INSTRUCTIONS FOR THE TASK:
Give again, word for word, each line below starting at the one that contains "Fluke Networks вызвал" and ending at the one that contains "BERG Johannes Willem, v.d. 1897-1964".

╔══

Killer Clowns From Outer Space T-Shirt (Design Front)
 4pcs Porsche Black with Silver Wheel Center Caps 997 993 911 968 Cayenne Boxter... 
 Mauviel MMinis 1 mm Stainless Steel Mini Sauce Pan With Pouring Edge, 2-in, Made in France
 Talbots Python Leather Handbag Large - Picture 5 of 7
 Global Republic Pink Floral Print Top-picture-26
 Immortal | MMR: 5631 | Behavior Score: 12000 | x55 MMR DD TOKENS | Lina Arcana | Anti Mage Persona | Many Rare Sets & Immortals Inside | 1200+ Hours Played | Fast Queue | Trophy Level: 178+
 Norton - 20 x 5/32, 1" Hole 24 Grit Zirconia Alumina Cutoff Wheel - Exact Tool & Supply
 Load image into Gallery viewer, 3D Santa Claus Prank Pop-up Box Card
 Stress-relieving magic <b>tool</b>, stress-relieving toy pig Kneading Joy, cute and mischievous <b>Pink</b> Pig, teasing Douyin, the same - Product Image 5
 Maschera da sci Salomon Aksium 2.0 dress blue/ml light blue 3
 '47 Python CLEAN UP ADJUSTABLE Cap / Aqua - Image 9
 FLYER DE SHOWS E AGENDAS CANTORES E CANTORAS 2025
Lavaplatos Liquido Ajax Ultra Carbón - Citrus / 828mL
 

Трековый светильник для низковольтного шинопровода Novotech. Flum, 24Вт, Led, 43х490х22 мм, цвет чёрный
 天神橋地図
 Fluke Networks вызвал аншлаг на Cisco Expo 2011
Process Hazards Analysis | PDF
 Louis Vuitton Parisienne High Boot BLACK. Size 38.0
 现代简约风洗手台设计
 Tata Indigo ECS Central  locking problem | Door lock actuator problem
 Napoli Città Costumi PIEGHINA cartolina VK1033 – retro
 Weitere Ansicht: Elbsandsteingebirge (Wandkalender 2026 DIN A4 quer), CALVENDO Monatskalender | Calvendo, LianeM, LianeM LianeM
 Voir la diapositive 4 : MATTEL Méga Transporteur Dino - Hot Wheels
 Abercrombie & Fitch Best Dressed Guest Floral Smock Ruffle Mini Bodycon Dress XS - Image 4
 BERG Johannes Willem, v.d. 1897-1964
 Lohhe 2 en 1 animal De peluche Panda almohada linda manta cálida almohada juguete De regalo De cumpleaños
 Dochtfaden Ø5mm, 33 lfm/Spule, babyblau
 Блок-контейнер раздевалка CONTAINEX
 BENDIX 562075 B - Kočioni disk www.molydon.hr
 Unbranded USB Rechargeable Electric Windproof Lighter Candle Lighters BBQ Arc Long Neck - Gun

╚══

COMPLETED EXERCISE:
 Fluke Networks вызвал аншлаг на Cisco Expo 2011
Process Hazards Analysis | PDF
 Louis Vuitton Parisienne High Boot BLACK. Size 38.0
 现代简约风洗手台设计
 Tata Indigo ECS Central  locking problem | Door lock actuator problem
 Napoli Città Costumi PIEGHINA cartolina VK1033 – retro
 Weitere Ansicht: Elbsandsteingebirge (Wandkalender 2026 DIN A4 quer), CALVENDO Monatskalender | Calvendo, LianeM, LianeM LianeM
 Voir la diapositive 4 : MATTEL Méga Transporteur Dino - Hot Wheels
 Abercrombie & Fitch Best Dressed Guest Floral Smock Ruffle Mini Bodycon Dress XS - Image 4
 BERG Johannes Willem, v.d. 1897-1964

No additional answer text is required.